What does this have to do with games?

Warren Spectre famously argued for a Roger Ebert for video games.  Before we have a Roger Ebert of Video Games, we need a Cahiers du Ludica.  Criticism needs to take both a serious look at games from an artistic perspective, and not as products.  From this creates a sense of cultural identity.

The concept of the Cahiers du Ludica as a movement is to bring about a cultural conversation about where games are, and how they’re enjoyed and appreciated.  It’s a call to arms to games critics and game developers to look at the role they play in the cultural conversation.  It’s a statement to gamers and the wider global culture that games can and should be taken seriously.

Step one: Embracing Auteur Theory.  Treating game developers as artists in and of themselves gives the credit of artistic vision not to an anonymous studio, but to the people behind it.  This isn’t an attempt to keep deserving people out of credit, but rather one of ownership.  A person or persons willing to stand up and say ‘’this game is my idea, flaws and all.’’ will not only motivate good work, but also may give some game developers a negotiating position that many film directors enjoy today.

Step two: Embrace critical analysis of the past.  When the Cahiers du Cinema started, they were receiving movies from Hollywood and England that they couldn’t get during the War.  This allowed them to develop a critical language that applies across studios and genres.

Step three: Develop this critical language for popular culture.  This was the most important thing that the Cahiers did for film, which was define what films did better than other mediums.  For film it’s cinematography (photography of moving sight and sound), for video games one can say it isn’t just mechanics, but ‘’game feel’’.  Take the academia out of it and bring it into popular culture. 

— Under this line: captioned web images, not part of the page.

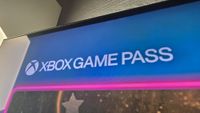 Xbox Game Pass logo on a TV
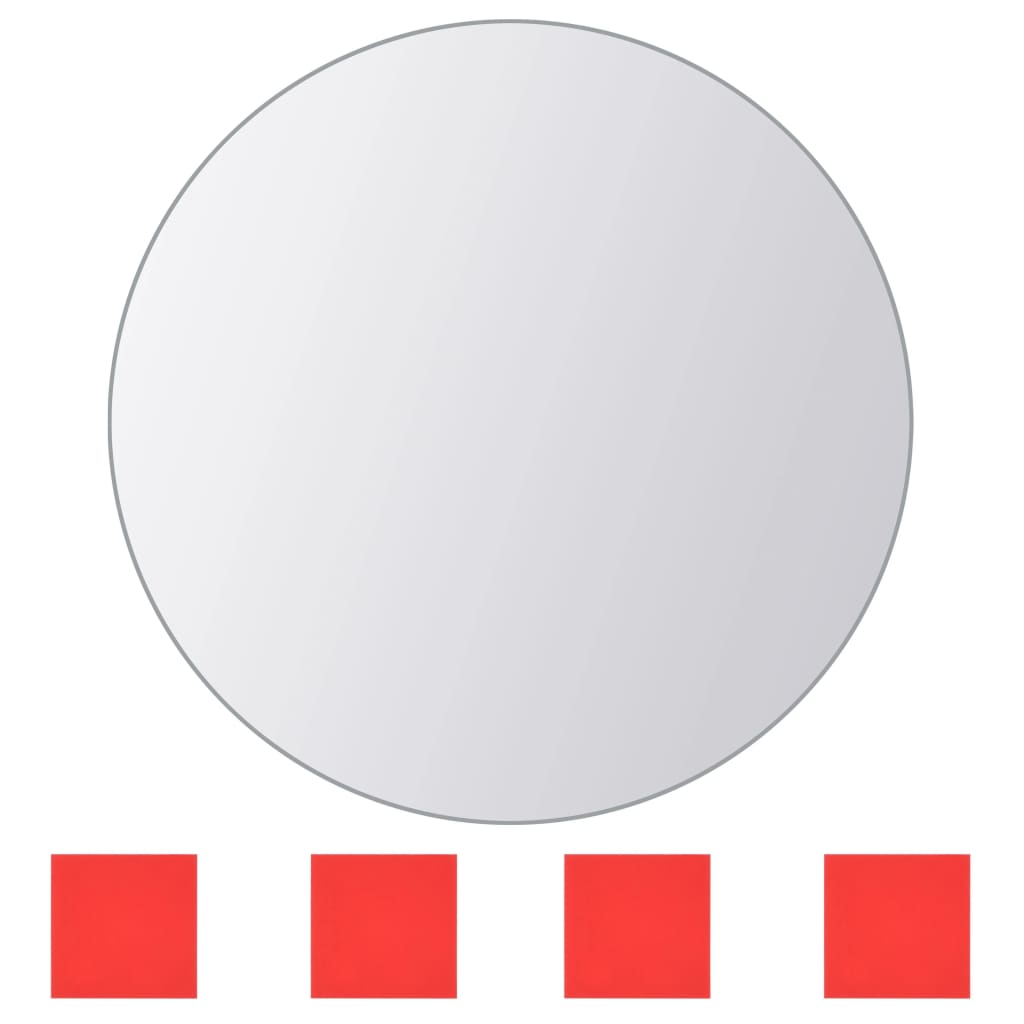 16 st Spiegeltegels rond glas is nu te koop bij PeponiXL, paradijselijk wonen!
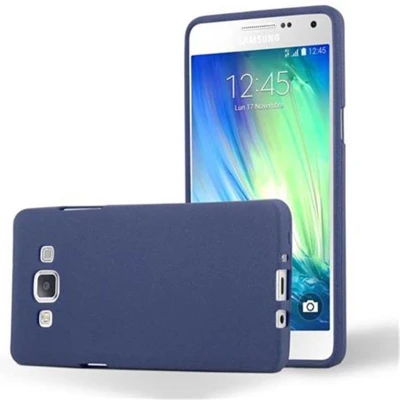Afbeelding van Cadorabo Hoesje geschikt voor Samsung Galaxy A5 2015 in FROST DONKER BLAUW Beschermhoes gemaakt van flexibel TPU silicone Case Cover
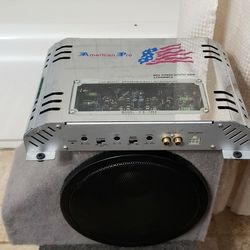 Small 8 inch sub with enclosure and amp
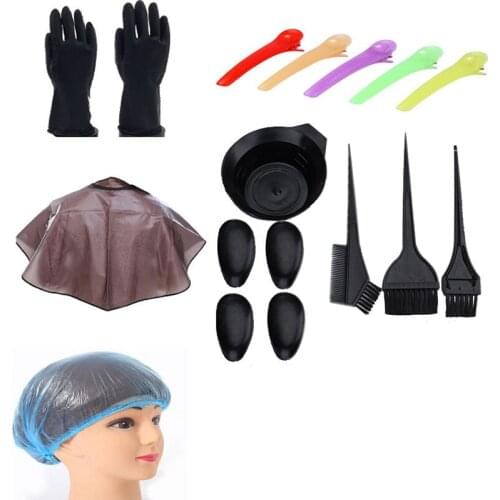 Hair Coloring Dyeing Kit, Include Hair Tinting Bowl/Dye Brush/Ear Cover/Gloves Hair Dye Tools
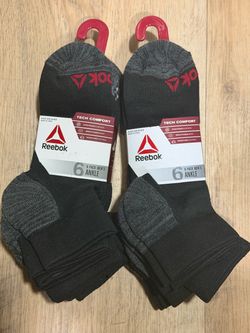 Reebok Tech Comfort Men's Ankle Socks 2-Pack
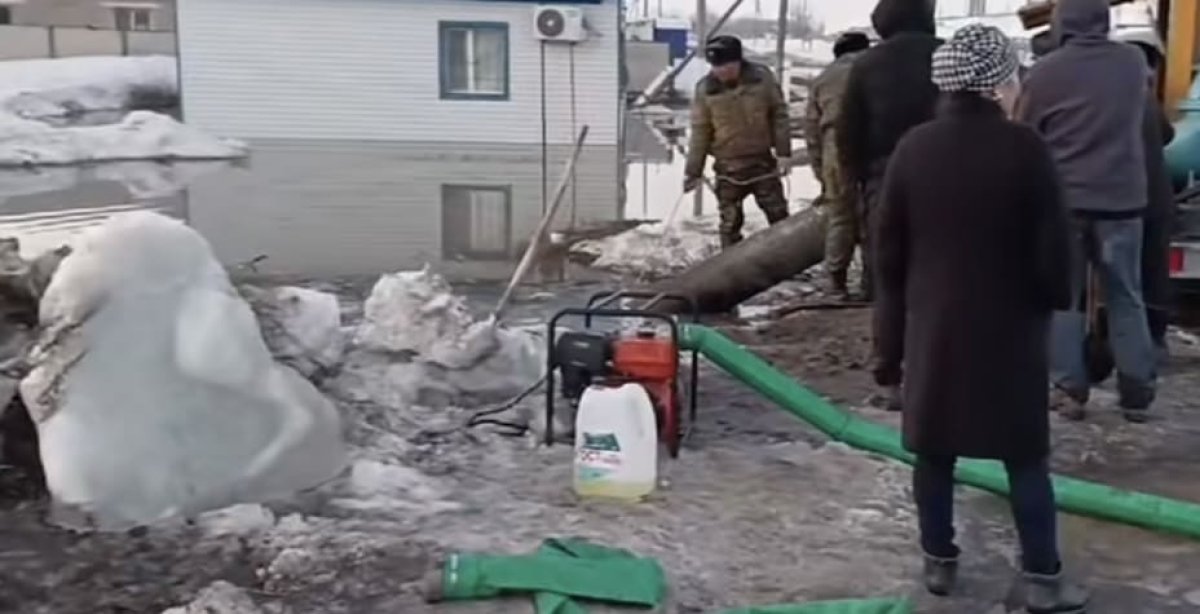 12 домов затопило в Костанайской области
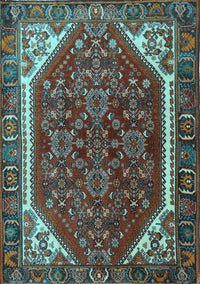 Persian Light Blue Traditional Rug, tr898lblu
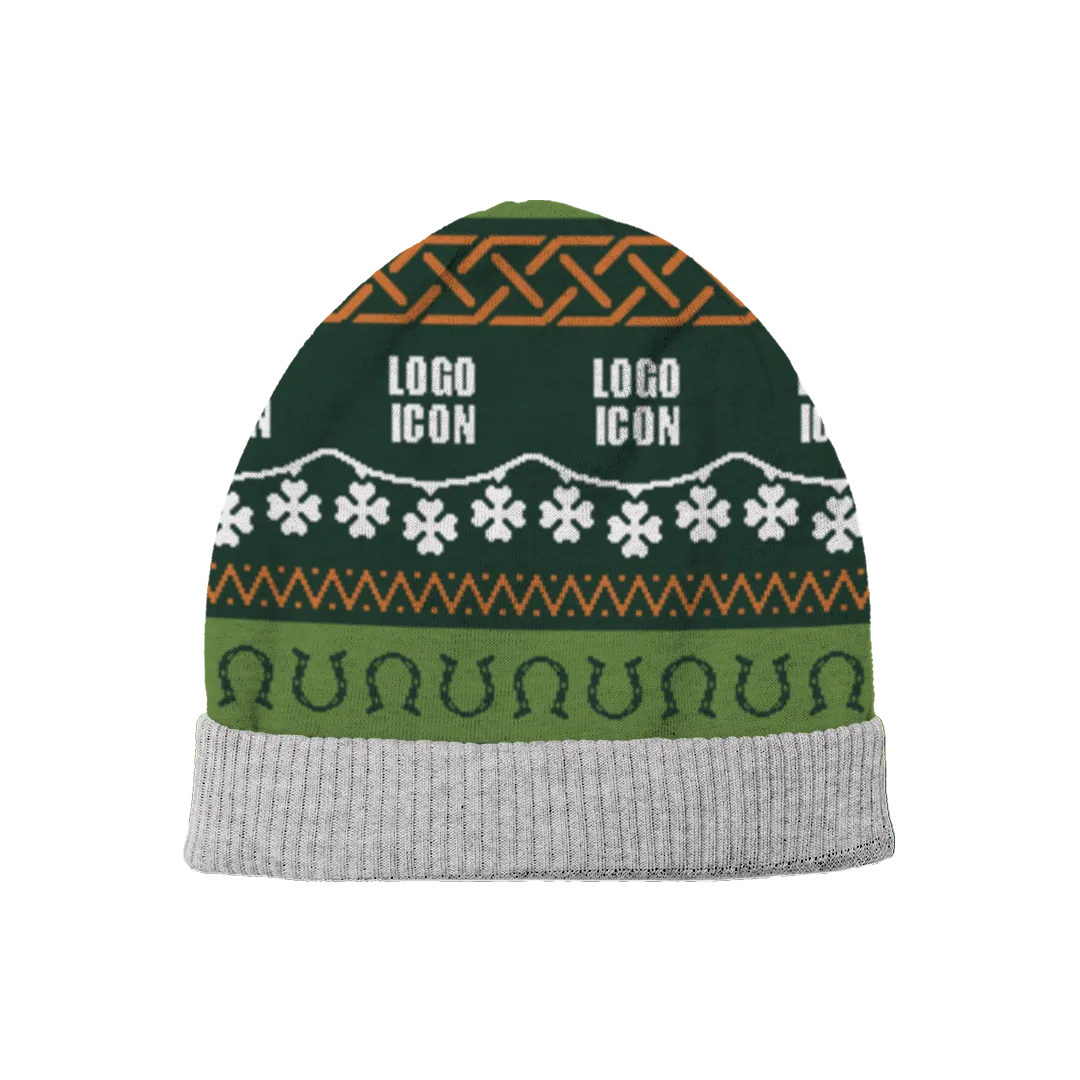 Emerald Blend Patter St. Patrick's Beanie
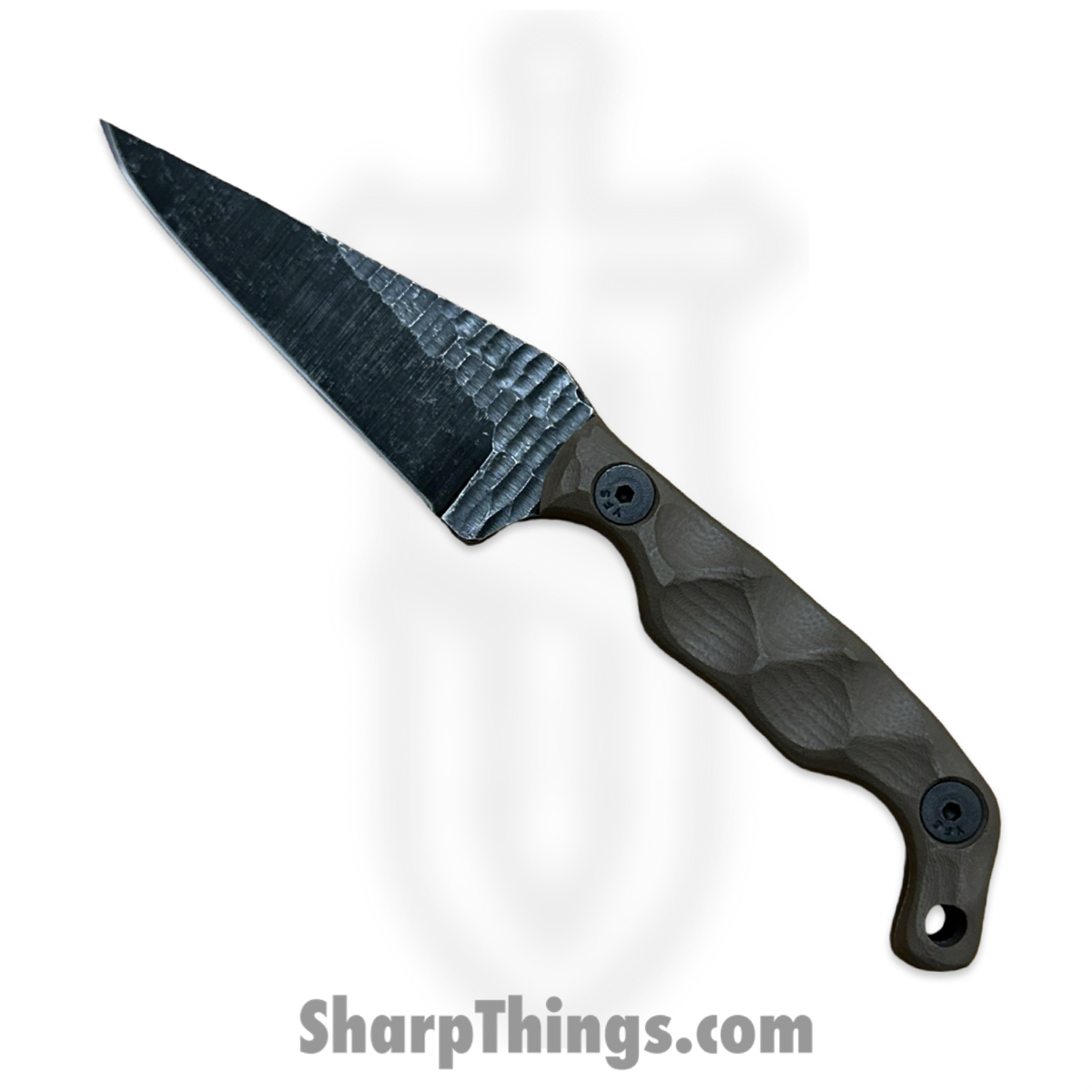 0944b576-0d96-4272-a4b6-8c4976d185a9_MINI-FDE-G10_1.jpg Stroup Knives - MINI-FDE-G10 - Mini - Fixed Blade Knife - 1095 HC Acid Wash Wharncliffe - G10 - FDE - Image 1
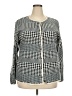 Basic Editions Houndstooth Gray Blazer Size XXL - photo 1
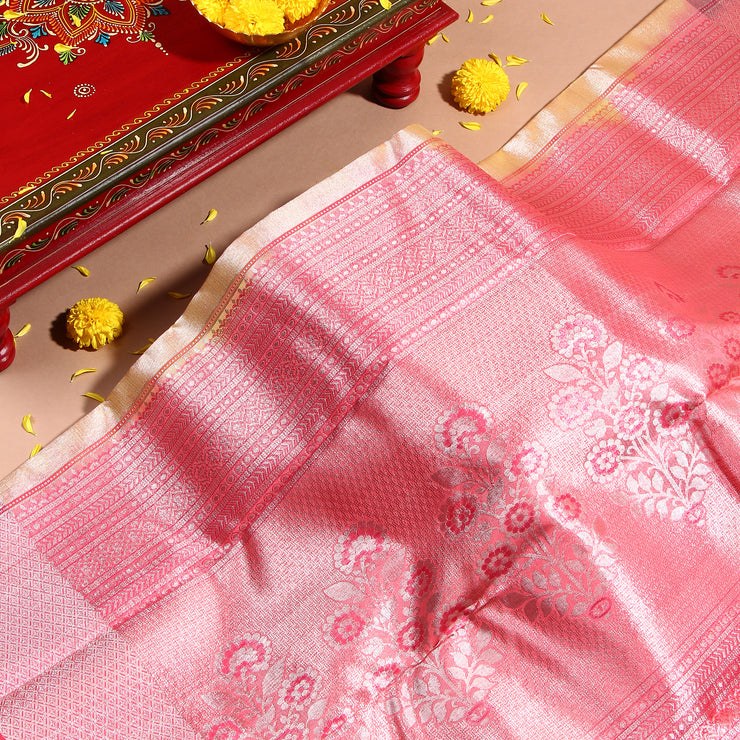 Kuberan gold with light purple Kanchivaram Saree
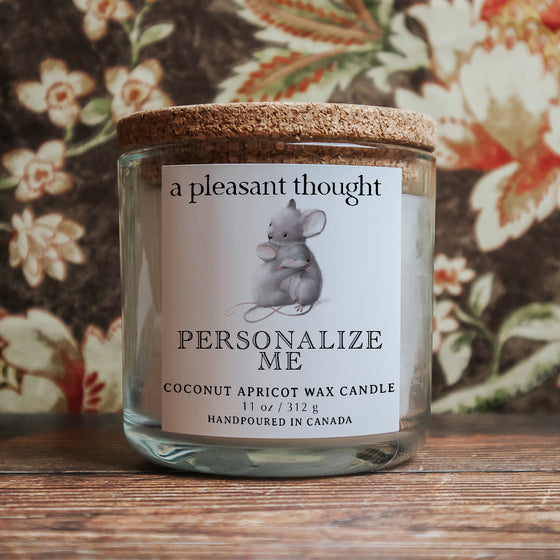custom mice candle a pleasant thought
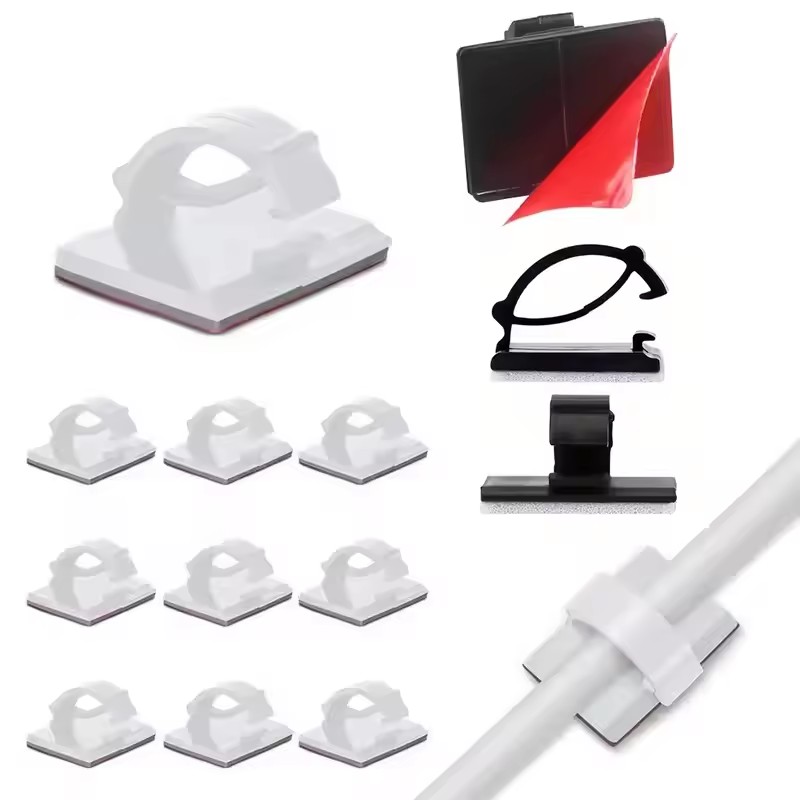 Cable Organizer - Pengikat Kabel Pengisi Daya Mobil, Klip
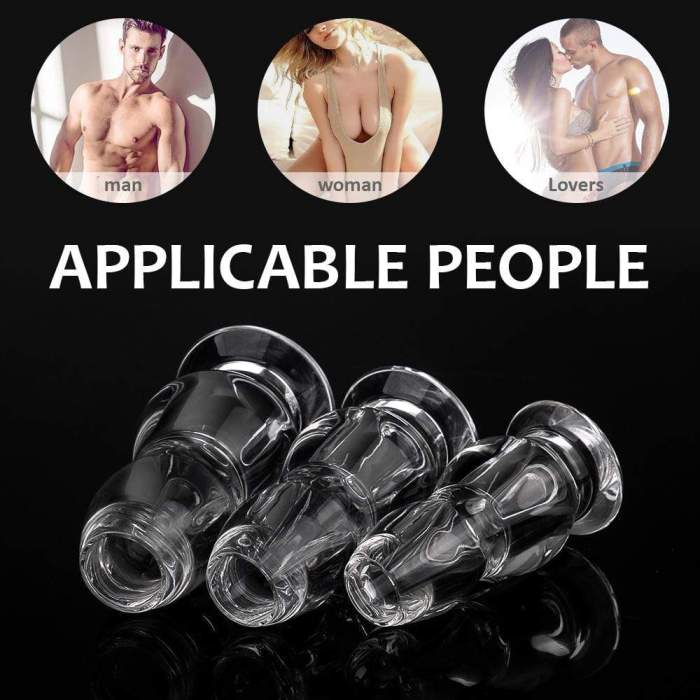 Transparent Anal Toy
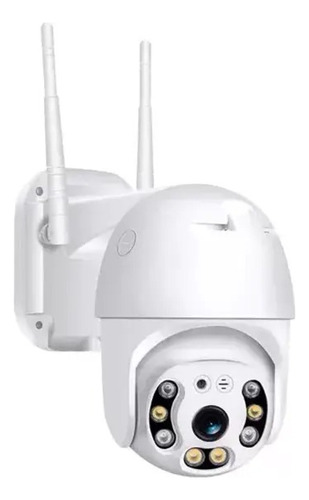 Cámara Ip Giratoria Ip Wifi Blanca Jortan Para Exteriores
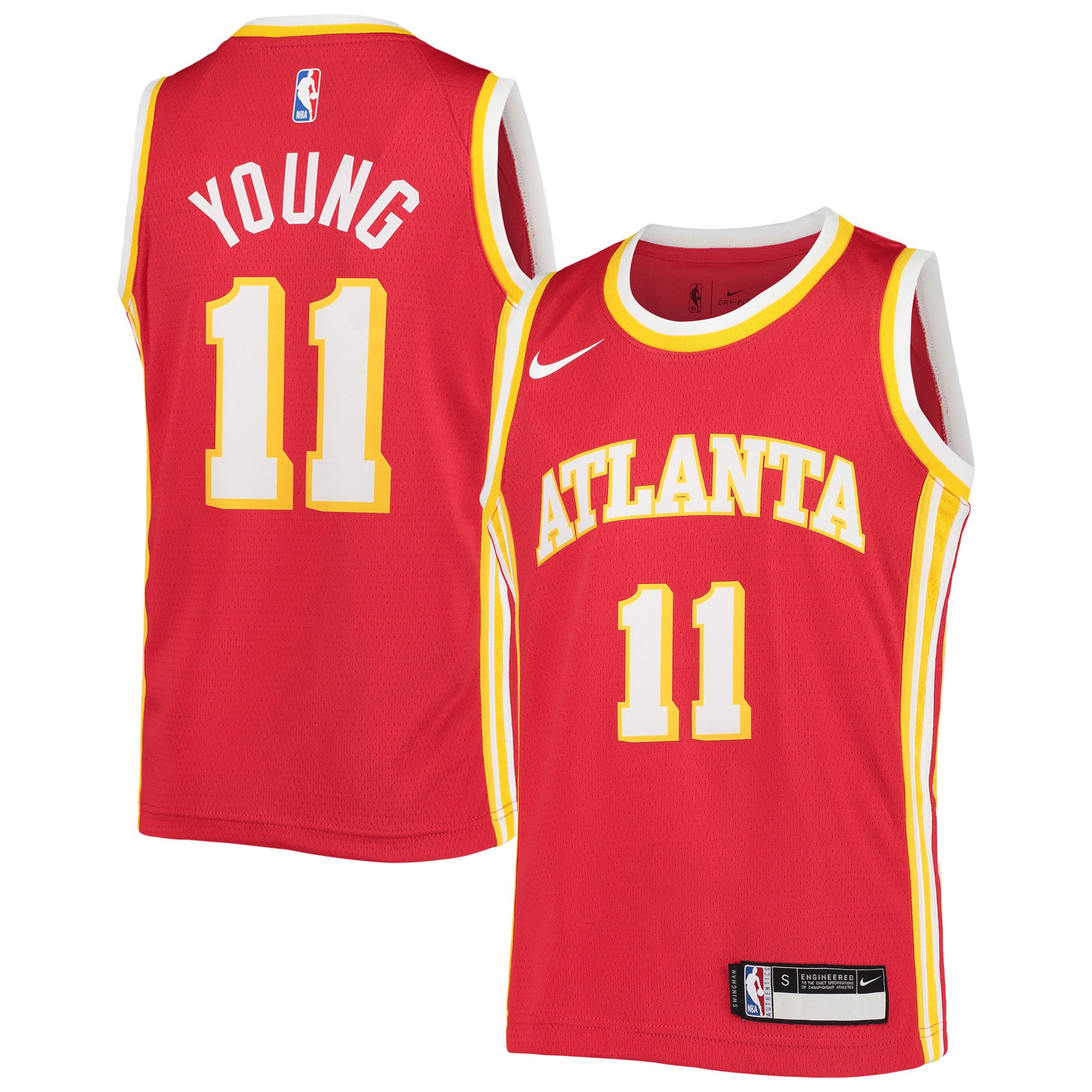 New Young 11 Atlanta Hawks Kids Jersey Swingman Icon Edition Jersey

To some extent this is already happening.  From academic conferences such as DIPRA and professional conferences as GDC and Respawn, to youtube channels like Extra Credits and Errant Signal.  Magazines like Kill Screen, websites like Gamasutra, the Gameological Society in the Onion's AV Club as well as works like Tom Bissel's Extra Lives have given rise to academic, personal, and longform criticism and theory. 


But there's a gap.

Today in many websites and newspapers, ‘’Games’’ are still reviewed in Technology sections, rather than Arts & Entertainment.  Gaming magazines are niche, and awards are presented by Mountain Dew.  Gamers have a reputation as overly defensive against criticism of their hobby, even those from gamers themselves.

This can change.


This should change.


What I'm nicknaming the Cahiers du Ludica is to name the movement above, but steps must be taken to popularize it, to make it part of the conversation.  At this point, gamer culture seems resistant, and yet there appears to be a market of people who want such a coversation to happen.


What Les Cahiers did was not wait for popular culture to accept film as art, they proudly and boldly stated that it was.  They then went and dissected film as artistic works regardless of whether a film is personal or made for commercial interest. 


Games and gamers need to do the same.  Games being Art is not a matter of avoiding criticism - as has been done far too often.  No, Games being Art invites more criticism - whether it be Academic, Sontagian, Marxist, Feminist, Aesthetic, Ludological, Narratological, Populist, etc, etc, etc.  True art is carved and formed by critique.  It looks at itself as if it has meaning, and allows others to dissect it.